— About this exercise —
Copy out the full listing below as it stands, with its pictures left behind.

— Information shown —
_ _ _ _ _
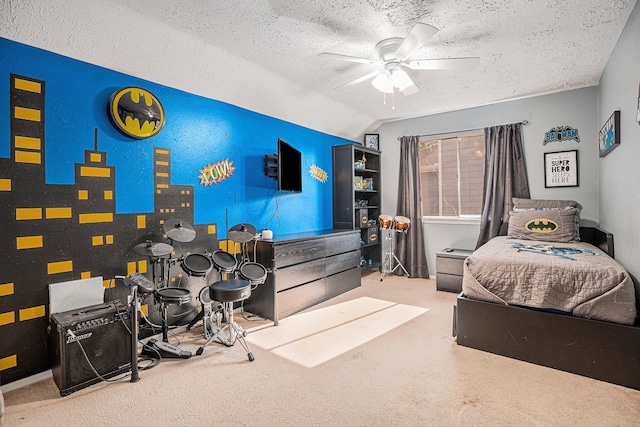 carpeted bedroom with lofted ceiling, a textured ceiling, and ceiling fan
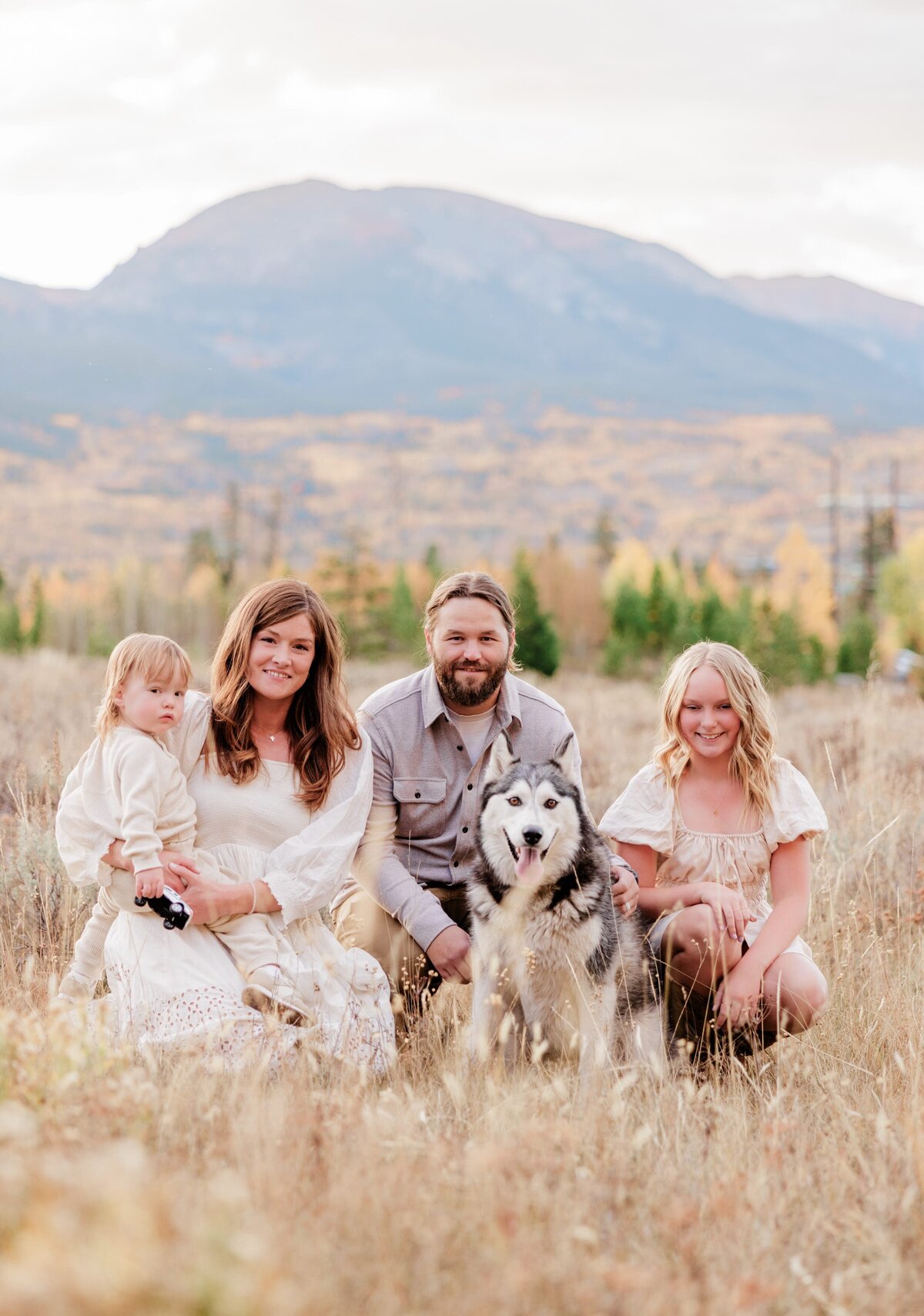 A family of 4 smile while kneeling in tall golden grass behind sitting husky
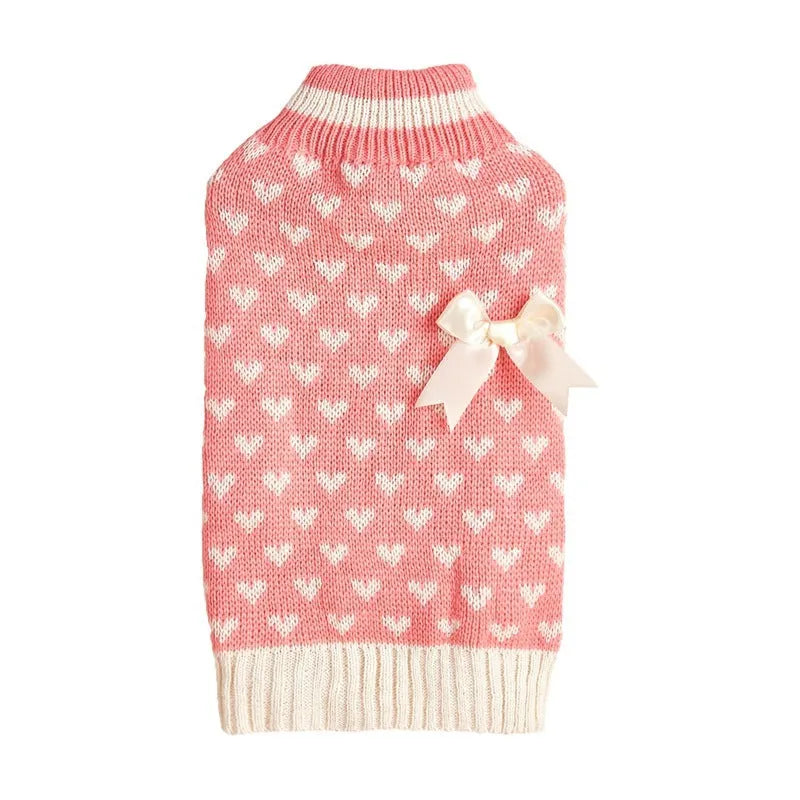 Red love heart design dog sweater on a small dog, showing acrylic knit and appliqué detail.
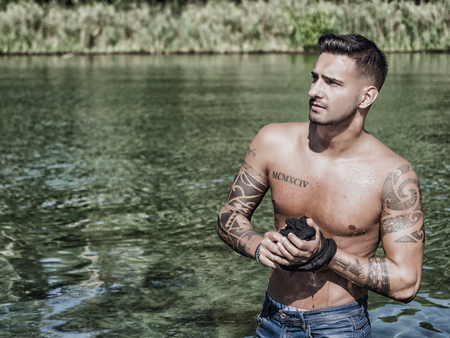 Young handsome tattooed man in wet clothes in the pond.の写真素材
_ _ _ _ _
— Answer space —
 carpeted bedroom with lofted ceiling, a textured ceiling, and ceiling fan
 A family of 4 smile while kneeling in tall golden grass behind sitting husky
 Red love heart design dog sweater on a small dog, showing acrylic knit and appliqué detail.
 Young handsome tattooed man in wet clothes in the pond.の写真素材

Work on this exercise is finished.